Then, as she sniffed again, she knew. That was not a nature smell; horrible though it was it was not the tragic smell of corruption. It had something, almost one might say, low down about it, little, mean, business-like—it was her first sniff of returning Civilization, the first impression on an olfactory sense cleared and cleaned by the winds of Kerguelen.
She looked at Raft. He was standing, shading his eyes as though staring at the smell. The dawn was at his back, and across the dawn a flight of wild duck was making in from the sea.
Imagine a person walking in a garret from absolute penury to find himself a millionaire. Such a person, were he normal, would feel what the girl felt as the message of that noxious odour struck home to her mind.
Her teeth chattered a little as she rose to her feet. She could not speak and she had to hold her lower jaw with her hand to still it. Then the muscles of her throat did all sorts of queer things on their own account and a violent feeling of sickness seized her that would have ended in an attack of vomiting had it not passed as quickly as it came. Raft, who had ceased staring to the west, saw how she was taken and put his hand on her shoulder.
“You’ll be all right in a bit,” said he, “it comes hard at first. I’ve seen chaps go clean off their heads sniffin’ land after three months of hell and weather. We’ll start in a bit, there’s no call to hurry, and I’ll just take a walk to get the stiffness out of my legs.”
Off he went, away and away, disappearing beyond a dip in the ground.
She knew that he would be away at least half an hour.
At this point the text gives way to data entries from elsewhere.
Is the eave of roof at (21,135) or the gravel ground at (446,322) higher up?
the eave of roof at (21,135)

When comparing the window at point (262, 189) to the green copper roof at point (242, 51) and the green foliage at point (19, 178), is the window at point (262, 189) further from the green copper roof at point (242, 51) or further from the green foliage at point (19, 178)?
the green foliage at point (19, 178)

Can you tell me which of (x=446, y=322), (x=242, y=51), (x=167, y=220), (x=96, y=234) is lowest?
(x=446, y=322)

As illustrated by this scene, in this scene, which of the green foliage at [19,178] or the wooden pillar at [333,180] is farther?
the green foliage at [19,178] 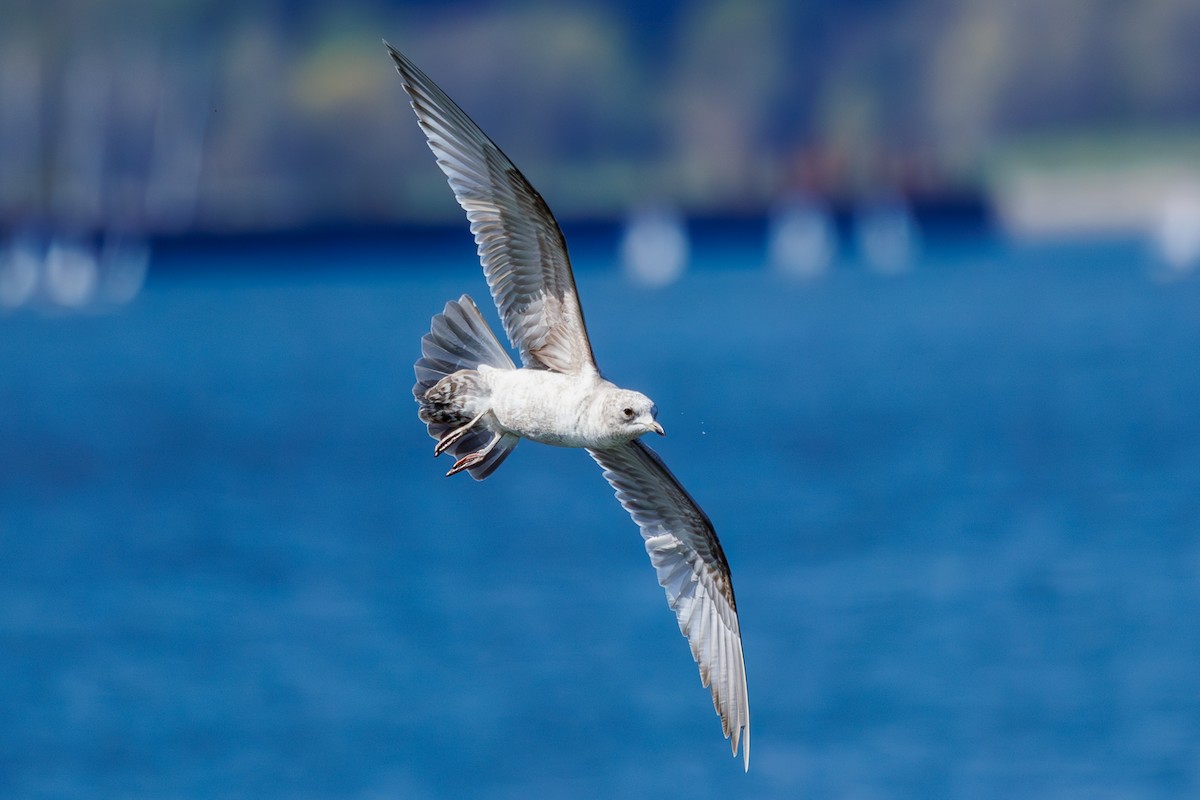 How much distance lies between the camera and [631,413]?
7449mm

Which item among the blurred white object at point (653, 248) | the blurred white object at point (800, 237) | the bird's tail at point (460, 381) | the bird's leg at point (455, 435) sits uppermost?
the blurred white object at point (800, 237)

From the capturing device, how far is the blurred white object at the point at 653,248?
3002 inches

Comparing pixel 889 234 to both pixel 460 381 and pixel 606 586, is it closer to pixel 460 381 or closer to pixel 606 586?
pixel 606 586

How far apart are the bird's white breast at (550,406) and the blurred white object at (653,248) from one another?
66725mm

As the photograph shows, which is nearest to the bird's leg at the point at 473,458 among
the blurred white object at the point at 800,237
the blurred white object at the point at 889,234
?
the blurred white object at the point at 800,237

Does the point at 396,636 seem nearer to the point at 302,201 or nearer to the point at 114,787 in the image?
the point at 114,787

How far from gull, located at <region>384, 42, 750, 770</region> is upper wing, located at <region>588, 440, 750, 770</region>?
0.24ft

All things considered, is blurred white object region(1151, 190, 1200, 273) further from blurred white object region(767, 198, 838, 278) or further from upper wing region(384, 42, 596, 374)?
upper wing region(384, 42, 596, 374)

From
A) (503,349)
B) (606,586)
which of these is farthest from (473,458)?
(606,586)

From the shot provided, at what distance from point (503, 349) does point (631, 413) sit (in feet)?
2.62

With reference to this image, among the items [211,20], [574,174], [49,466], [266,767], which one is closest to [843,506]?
[266,767]

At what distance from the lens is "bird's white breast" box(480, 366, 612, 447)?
24.9 feet

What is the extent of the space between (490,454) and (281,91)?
85.4 meters

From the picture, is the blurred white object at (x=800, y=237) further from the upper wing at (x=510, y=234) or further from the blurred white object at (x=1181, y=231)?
the upper wing at (x=510, y=234) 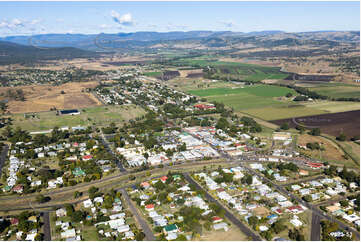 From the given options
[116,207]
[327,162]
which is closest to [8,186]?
[116,207]

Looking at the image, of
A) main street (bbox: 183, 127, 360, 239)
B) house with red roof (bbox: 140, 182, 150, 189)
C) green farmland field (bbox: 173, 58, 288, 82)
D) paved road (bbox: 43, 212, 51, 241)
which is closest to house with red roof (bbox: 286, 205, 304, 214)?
main street (bbox: 183, 127, 360, 239)

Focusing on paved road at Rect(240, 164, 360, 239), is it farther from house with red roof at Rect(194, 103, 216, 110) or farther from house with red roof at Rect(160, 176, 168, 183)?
house with red roof at Rect(194, 103, 216, 110)

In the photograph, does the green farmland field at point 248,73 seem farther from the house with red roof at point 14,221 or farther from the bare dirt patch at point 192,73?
the house with red roof at point 14,221

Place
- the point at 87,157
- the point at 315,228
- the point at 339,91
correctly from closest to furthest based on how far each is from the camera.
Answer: the point at 315,228 < the point at 87,157 < the point at 339,91

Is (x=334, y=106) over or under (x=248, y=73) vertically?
under

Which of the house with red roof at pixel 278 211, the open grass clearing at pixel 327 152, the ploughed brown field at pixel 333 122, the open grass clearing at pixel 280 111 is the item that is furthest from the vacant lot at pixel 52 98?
the house with red roof at pixel 278 211

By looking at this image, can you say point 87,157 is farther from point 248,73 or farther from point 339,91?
point 248,73

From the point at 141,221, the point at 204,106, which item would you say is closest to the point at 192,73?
the point at 204,106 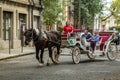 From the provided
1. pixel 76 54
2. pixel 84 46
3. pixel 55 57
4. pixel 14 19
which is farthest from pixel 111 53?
pixel 14 19

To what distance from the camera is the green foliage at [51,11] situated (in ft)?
138

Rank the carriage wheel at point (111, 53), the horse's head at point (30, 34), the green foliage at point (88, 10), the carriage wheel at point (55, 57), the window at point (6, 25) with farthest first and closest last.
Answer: the green foliage at point (88, 10)
the window at point (6, 25)
the carriage wheel at point (111, 53)
the carriage wheel at point (55, 57)
the horse's head at point (30, 34)

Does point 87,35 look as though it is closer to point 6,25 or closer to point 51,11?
point 6,25

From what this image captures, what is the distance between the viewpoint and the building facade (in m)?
34.4

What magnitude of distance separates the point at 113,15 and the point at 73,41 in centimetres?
6486

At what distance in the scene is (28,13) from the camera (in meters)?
40.5

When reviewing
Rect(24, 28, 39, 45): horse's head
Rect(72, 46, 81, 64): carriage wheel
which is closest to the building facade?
Rect(72, 46, 81, 64): carriage wheel

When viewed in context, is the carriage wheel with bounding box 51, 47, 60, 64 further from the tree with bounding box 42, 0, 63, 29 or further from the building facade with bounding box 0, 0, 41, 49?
the tree with bounding box 42, 0, 63, 29

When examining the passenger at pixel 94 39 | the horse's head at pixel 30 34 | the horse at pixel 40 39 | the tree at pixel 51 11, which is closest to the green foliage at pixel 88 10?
the tree at pixel 51 11

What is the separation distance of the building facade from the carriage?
10.2 m

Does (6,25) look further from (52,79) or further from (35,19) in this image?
(52,79)

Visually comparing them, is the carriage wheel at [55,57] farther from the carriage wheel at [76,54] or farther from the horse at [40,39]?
the carriage wheel at [76,54]

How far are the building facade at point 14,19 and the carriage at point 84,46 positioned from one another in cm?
1021

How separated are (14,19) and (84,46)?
15.9 metres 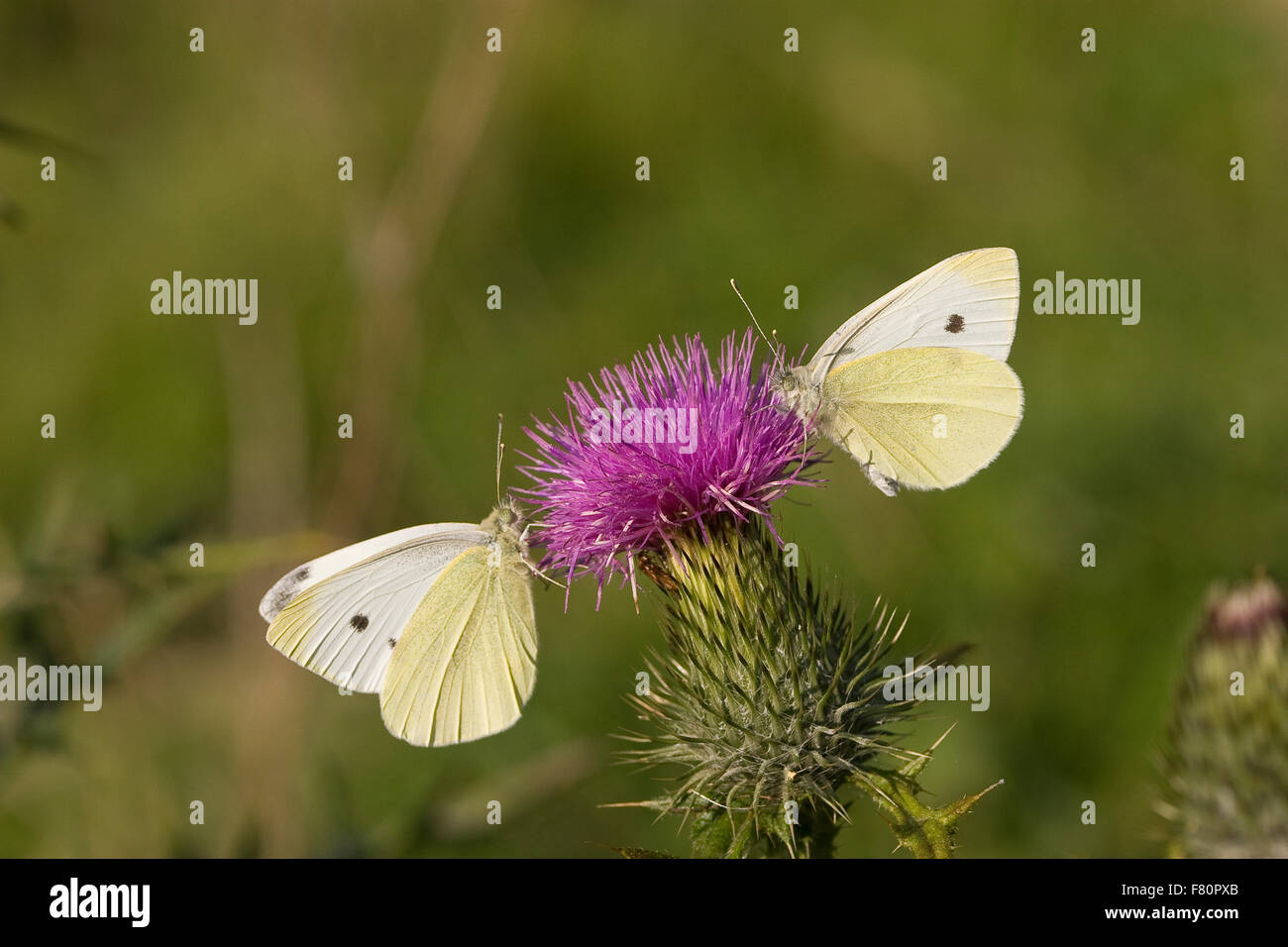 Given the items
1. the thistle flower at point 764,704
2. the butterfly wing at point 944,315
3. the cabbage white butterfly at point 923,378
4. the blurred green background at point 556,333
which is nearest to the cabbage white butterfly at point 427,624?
the blurred green background at point 556,333

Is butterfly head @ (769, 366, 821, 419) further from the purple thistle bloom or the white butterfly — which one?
the white butterfly

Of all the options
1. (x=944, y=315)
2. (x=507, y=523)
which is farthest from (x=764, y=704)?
(x=944, y=315)

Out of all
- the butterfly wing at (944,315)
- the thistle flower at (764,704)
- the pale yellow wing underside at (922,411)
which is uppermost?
the butterfly wing at (944,315)

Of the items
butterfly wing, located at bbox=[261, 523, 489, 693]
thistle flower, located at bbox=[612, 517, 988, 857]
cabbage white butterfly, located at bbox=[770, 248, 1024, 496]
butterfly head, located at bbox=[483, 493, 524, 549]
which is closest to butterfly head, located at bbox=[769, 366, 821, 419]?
cabbage white butterfly, located at bbox=[770, 248, 1024, 496]

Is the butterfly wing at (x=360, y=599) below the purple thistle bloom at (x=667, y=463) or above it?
below

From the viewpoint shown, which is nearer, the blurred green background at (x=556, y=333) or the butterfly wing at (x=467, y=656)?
the butterfly wing at (x=467, y=656)

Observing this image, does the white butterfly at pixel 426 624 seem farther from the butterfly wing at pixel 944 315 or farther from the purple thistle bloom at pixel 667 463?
the butterfly wing at pixel 944 315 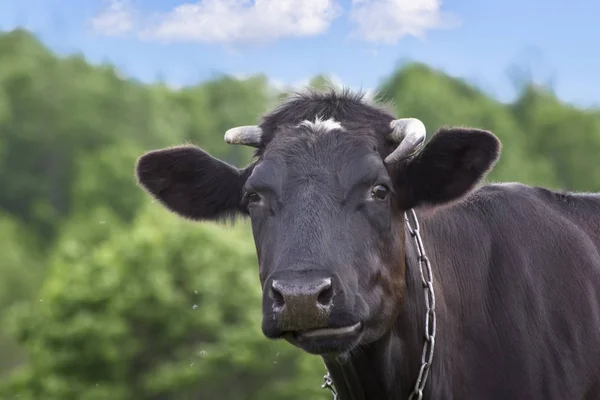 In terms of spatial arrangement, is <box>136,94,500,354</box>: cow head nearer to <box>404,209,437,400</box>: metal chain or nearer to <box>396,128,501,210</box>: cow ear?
<box>396,128,501,210</box>: cow ear

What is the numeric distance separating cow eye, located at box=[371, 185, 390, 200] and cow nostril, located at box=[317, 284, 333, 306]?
81 cm

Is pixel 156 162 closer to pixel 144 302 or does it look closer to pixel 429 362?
pixel 429 362

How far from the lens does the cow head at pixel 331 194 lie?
596 cm

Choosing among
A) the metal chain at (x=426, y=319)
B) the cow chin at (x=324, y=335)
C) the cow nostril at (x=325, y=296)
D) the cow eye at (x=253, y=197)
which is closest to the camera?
the cow nostril at (x=325, y=296)

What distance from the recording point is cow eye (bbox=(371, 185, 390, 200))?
6469 millimetres

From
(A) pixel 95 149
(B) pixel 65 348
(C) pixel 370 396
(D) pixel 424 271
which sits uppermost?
(D) pixel 424 271

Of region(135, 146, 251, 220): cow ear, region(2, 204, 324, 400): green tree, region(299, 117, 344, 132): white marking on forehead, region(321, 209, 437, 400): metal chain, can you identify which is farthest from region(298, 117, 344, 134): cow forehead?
region(2, 204, 324, 400): green tree

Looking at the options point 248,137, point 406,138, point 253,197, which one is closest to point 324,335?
point 253,197

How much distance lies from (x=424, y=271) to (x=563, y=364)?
108 centimetres

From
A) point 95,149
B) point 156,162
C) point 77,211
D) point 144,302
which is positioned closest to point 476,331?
point 156,162

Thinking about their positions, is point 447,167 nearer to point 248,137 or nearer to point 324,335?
point 248,137

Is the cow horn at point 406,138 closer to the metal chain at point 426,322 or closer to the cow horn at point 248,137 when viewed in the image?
the metal chain at point 426,322

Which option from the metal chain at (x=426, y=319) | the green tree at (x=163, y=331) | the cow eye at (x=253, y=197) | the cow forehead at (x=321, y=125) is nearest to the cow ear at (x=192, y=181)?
the cow eye at (x=253, y=197)

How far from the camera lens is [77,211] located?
2990 inches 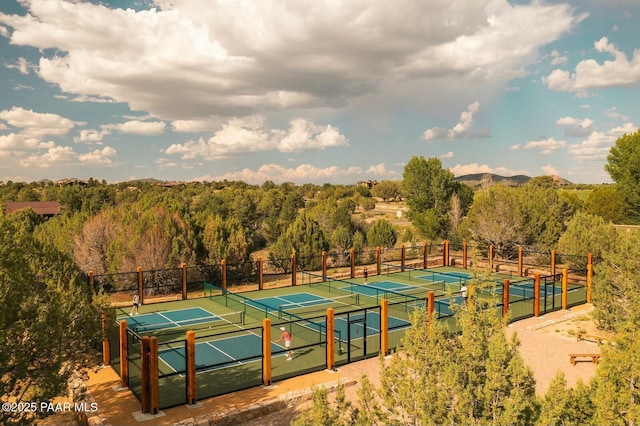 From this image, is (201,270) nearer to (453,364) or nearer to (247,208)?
(453,364)

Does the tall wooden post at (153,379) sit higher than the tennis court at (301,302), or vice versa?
the tall wooden post at (153,379)

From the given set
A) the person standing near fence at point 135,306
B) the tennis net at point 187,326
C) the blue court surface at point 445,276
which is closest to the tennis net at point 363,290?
the blue court surface at point 445,276

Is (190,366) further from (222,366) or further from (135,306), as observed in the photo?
(135,306)

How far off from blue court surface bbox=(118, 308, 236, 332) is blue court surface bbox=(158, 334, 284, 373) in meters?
3.08

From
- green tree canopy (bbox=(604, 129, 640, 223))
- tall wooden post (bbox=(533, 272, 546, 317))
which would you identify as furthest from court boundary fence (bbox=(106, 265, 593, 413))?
green tree canopy (bbox=(604, 129, 640, 223))

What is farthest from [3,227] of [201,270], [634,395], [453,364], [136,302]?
[201,270]

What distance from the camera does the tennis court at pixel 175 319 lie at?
67.4ft

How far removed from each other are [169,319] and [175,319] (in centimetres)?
27

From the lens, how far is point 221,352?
677 inches

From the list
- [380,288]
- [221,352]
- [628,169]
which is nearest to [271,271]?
[380,288]

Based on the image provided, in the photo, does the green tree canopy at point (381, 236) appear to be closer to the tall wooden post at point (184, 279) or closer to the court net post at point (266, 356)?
the tall wooden post at point (184, 279)

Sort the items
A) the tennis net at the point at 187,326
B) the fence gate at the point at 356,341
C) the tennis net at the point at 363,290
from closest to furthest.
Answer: the fence gate at the point at 356,341, the tennis net at the point at 187,326, the tennis net at the point at 363,290

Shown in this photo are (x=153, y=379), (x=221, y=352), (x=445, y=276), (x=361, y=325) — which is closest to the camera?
(x=153, y=379)

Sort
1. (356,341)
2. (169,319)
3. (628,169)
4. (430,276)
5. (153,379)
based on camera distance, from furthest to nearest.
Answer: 1. (628,169)
2. (430,276)
3. (169,319)
4. (356,341)
5. (153,379)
Thoughtful as a mother for her comfort, yet almost as outspoken, sometimes, as a nurse, he was wonderful.
The dawn broke broader and stronger, peaceful and grey, promising a continuance of the fine weather that had now lasted for three days, three days without wind or rain or threat from the mountains that sat this morning far away and clear cut against the sky.
Then as they went on their way the sun broke over the edge of the high lands and gulls rising above the cliff edge flitted like birds born of snow and fire.
They stopped for ten minutes to breakfast, then they went on, and now suddenly came something new. On the wind they could hear the sound of gulls quarrelling, a sound quite distinct from the ordinary mewing and wheezing of the gulls at peace.